This feature of an nbs file allows you to define the color or font type for token or grammar rules.

The following example defines the foreground color and font type for the number token type:

COLOR:number: {
    foreground_color:"orange";
    font_type:"bold";
}

Syntax of COLOR feature:

"COLOR" ":" Selector ":" "{" 
    ( propertyName ":" properrtyValue )*
"}"

Syntax:

colorDefinition = "COLOR" ":" identifier ":" "{" ( parameter )* "}";
identifier = <identifier> ( "." <identifier> )*;
parameter = parameterName ":" parameterValue;
parameterValue = <string> | <identifier>;

Where identifier is the name of some grammar rule, value of some token or name of a token type. The names of grammar rules can be nested. This means that "method.name" can be used to specify color of "name" nonTerminal embeded in "method" nonTerminal.
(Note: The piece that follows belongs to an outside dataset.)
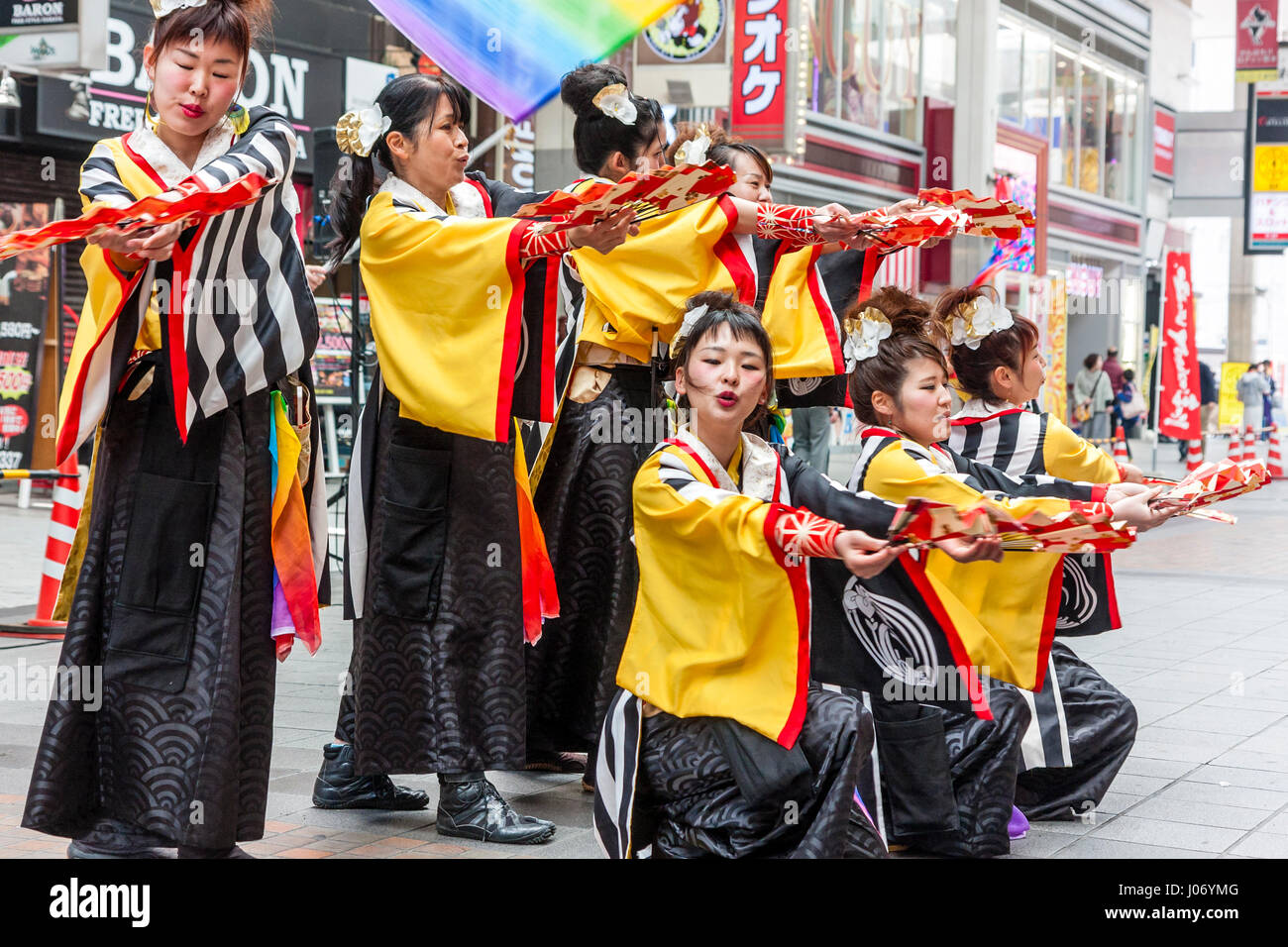Japan, Kumamoto, Hinokuni Yosakoi dance festival. Teenage women team, wearing black and yellow yukata, kneeling and holding fans, in shopping mall. Stock Photo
Corresponding grammar rule should looks like:

method = modifiers returnType name ...;


Supported properties:

  • color_name: Name of color. elementName is used for name of color if its not specified.
  • default_coloring: Defines parent coloring (operator, keyword, identifier, whitespace, number, char, string, comment).
  • foreground_color: Foreground color (for example "white", "FF00FF").
  • background_color: Background color.
  • underline_color: Underlined color.
  • wave_underline_color: Wave underlined color.
  • strike_through_color: Strike through color.
  • font_name: Name of font.
  • font_type: Font type (like "bold" or "italics-bold").



Code folding

Any grammar rule can be folded.

Syntax:

foldDefinition = "FOLD" ":" identifier [MethodCall]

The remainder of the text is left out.